▽
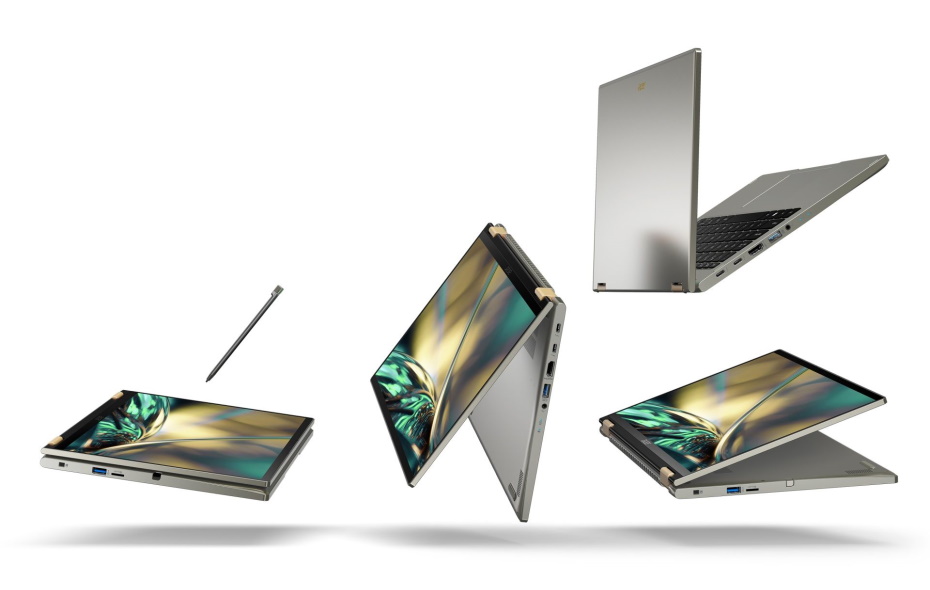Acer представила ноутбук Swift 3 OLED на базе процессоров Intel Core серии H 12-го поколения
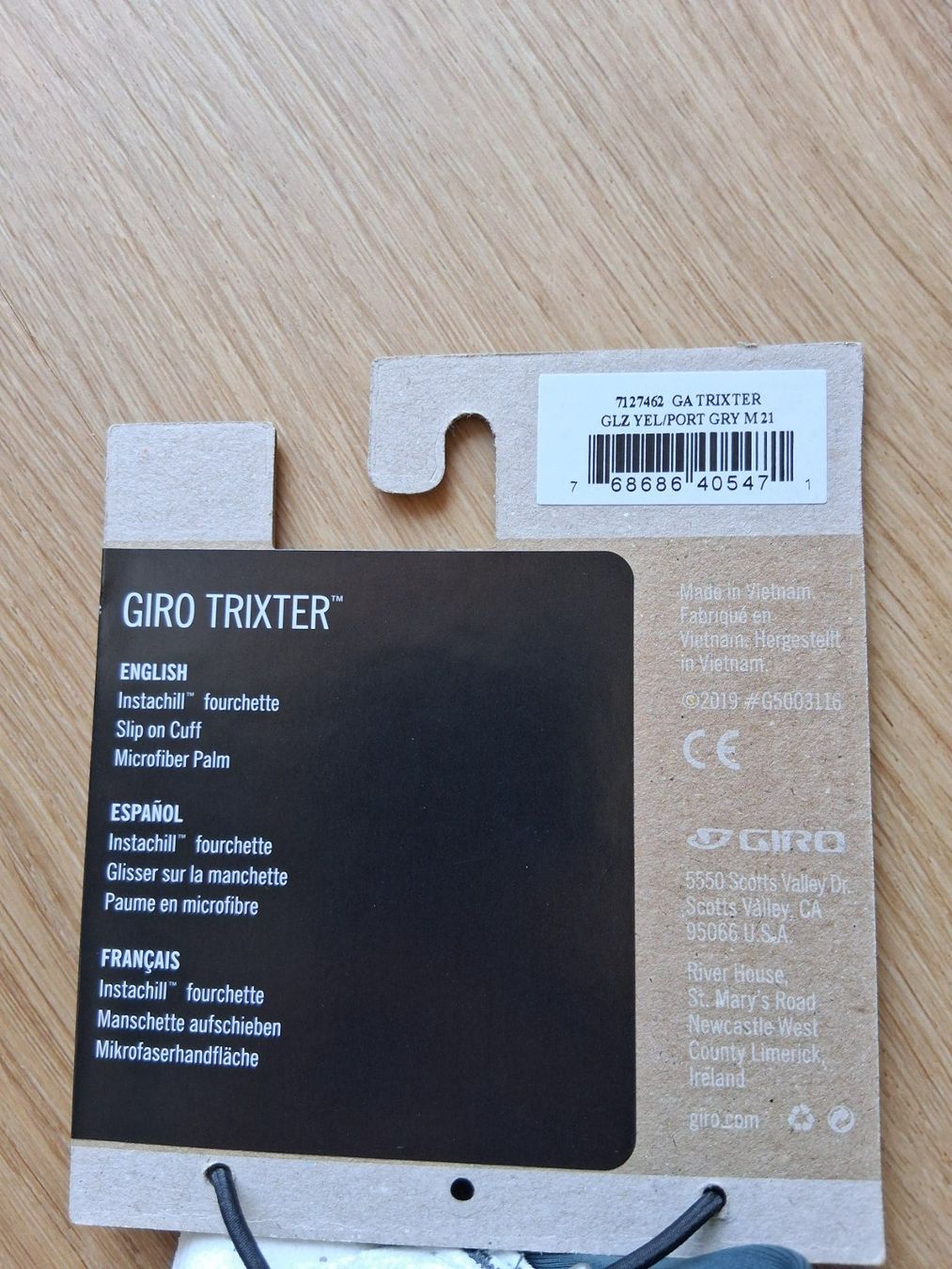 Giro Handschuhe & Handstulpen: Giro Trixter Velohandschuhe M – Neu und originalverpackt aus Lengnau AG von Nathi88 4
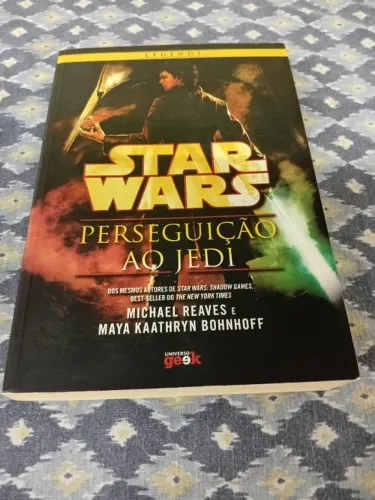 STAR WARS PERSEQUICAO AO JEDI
△
EXERCISE:
Transcribe the whole listing above exactly and leave out the pictures.

RESULT OF THE TASK:
Acer представила ноутбук Swift 3 OLED на базе процессоров Intel Core серии H 12-го поколения
 Giro Handschuhe & Handstulpen: Giro Trixter Velohandschuhe M – Neu und originalverpackt aus Lengnau AG von Nathi88 4
 STAR WARS PERSEQUICAO AO JEDI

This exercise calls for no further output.